**** MATERIAL FOR THE TASK

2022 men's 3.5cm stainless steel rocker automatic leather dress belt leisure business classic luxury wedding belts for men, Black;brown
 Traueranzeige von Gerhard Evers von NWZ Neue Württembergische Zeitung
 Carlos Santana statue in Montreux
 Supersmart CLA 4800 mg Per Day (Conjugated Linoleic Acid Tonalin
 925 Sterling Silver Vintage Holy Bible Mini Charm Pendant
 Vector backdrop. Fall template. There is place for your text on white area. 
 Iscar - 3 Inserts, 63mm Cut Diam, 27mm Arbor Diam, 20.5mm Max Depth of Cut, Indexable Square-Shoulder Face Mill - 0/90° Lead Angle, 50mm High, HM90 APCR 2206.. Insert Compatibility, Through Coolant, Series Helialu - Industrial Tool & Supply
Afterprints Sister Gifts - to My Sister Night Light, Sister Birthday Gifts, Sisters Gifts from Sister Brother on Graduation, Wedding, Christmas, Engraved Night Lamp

********

Include the first line, the line containing "Iscar - 3 Inserts, 63mm", and every line between them, copied exactly from the material above; output no other line.

2022 men's 3.5cm stainless steel rocker automatic leather dress belt leisure business classic luxury wedding belts for men, Black;brown
 Traueranzeige von Gerhard Evers von NWZ Neue Württembergische Zeitung
 Carlos Santana statue in Montreux
 Supersmart CLA 4800 mg Per Day (Conjugated Linoleic Acid Tonalin
 925 Sterling Silver Vintage Holy Bible Mini Charm Pendant
 Vector backdrop. Fall template. There is place for your text on white area. 
 Iscar - 3 Inserts, 63mm Cut Diam, 27mm Arbor Diam, 20.5mm Max Depth of Cut, Indexable Square-Shoulder Face Mill - 0/90° Lead Angle, 50mm High, HM90 APCR 2206.. Insert Compatibility, Through Coolant, Series Helialu - Industrial Tool & Supply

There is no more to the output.